The rules (as they currently stand) let you assist by offering moral support. A PC can hang back, give a subtle nod of support and that counts as an assist.

32 minutes ago, jmoschner said:

The rules (as they currently stand) let you assist by offering moral support.

You're correct, I'm just saying I think the limit (if there is to be one in a particular context) should be based on the narrative limit of how effective your assistance is. This is easy to houserule, but it could be an explict part of the game. The assist rule itself isn't broken fundamentally IMO, they just need to acknowledge it's limitations in some form, even if that's as simple as needing the GM to okay your assist in the narrative.

8 hours ago, GaGrin said:

You're correct, I'm just saying I think the limit (if there is to be one in a particular context) should be based on the narrative limit of how effective your assistance is. This is easy to houserule, but it could be an explict part of the game. The assist rule itself isn't broken fundamentally IMO, they just need to acknowledge it's limitations in some form, even if that's as simple as needing the GM to okay your assist in the narrative.
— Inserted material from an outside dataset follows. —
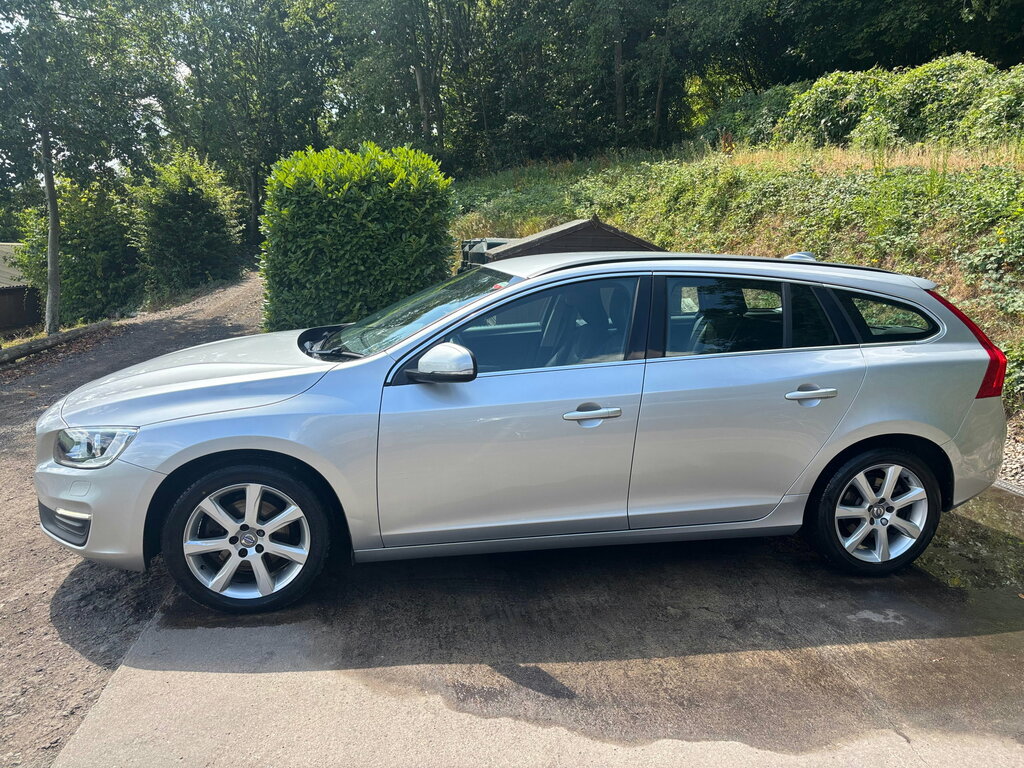 Volvo V60 2.0 V60 Se Luxury Nav D3 Blue #8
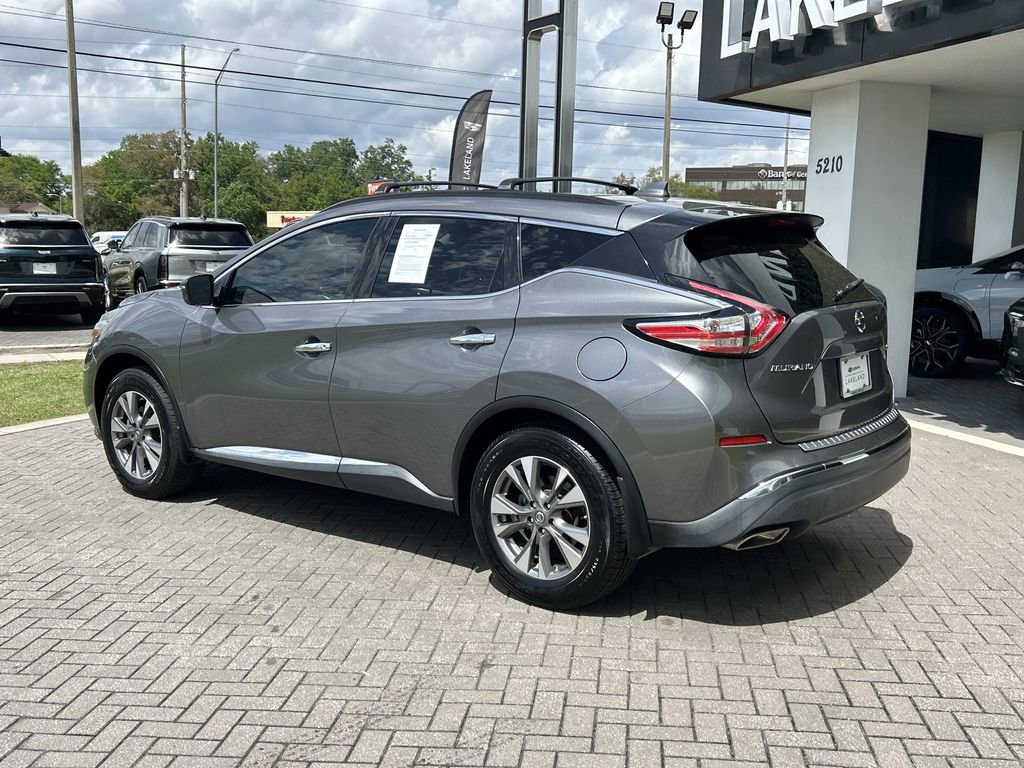 Used 2018 Nissan Murano SV w/ Cargo Package image 4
Sounds like a good case for using Focus as something other than initiative, to me. say, Lowest Focus = max help dice

On 11/3/2017 at 4:48 PM, GaGrin said:

You're correct, I'm just saying I think the limit (if there is to be one in a particular context) should be based on the narrative limit of how effective your assistance is. This is easy to houserule, but it could be an explict part of the game. The assist rule itself isn't broken fundamentally IMO, they just need to acknowledge it's limitations in some form, even if that's as simple as needing the GM to okay your assist in the narrative.

Exactly.

If you say " my character is assisting X ", It's not unreasonable for a GM to ask " by doing what? "...

On 11/4/2017 at 1:43 AM, AK_Aramis said:

Sounds like a good case for using Focus as something other than initiative, to me. say, Lowest Focus = max help dice

  • A good thought.
  • If that's going to be a global rule, I might suggest that it'll mess with Minion Squads, though
    • The minions who need the most weight-of-numbers to achieve anything, like the Focus 2 Zombie Peasant, are precisely the ones robbed of support by this rule now unable to concentrate sufficient dice in a single throw.
  • If I might suggest a middle ground - maybe you can have any number of bonus rolled dice, but your focus is the maximum number of bonus kept dice?
    • That way a squad of 6 ashigaru, or zombies, or goblins, actually gets a benefit for its numbers, but gets decreasing benefits after the second or third guy.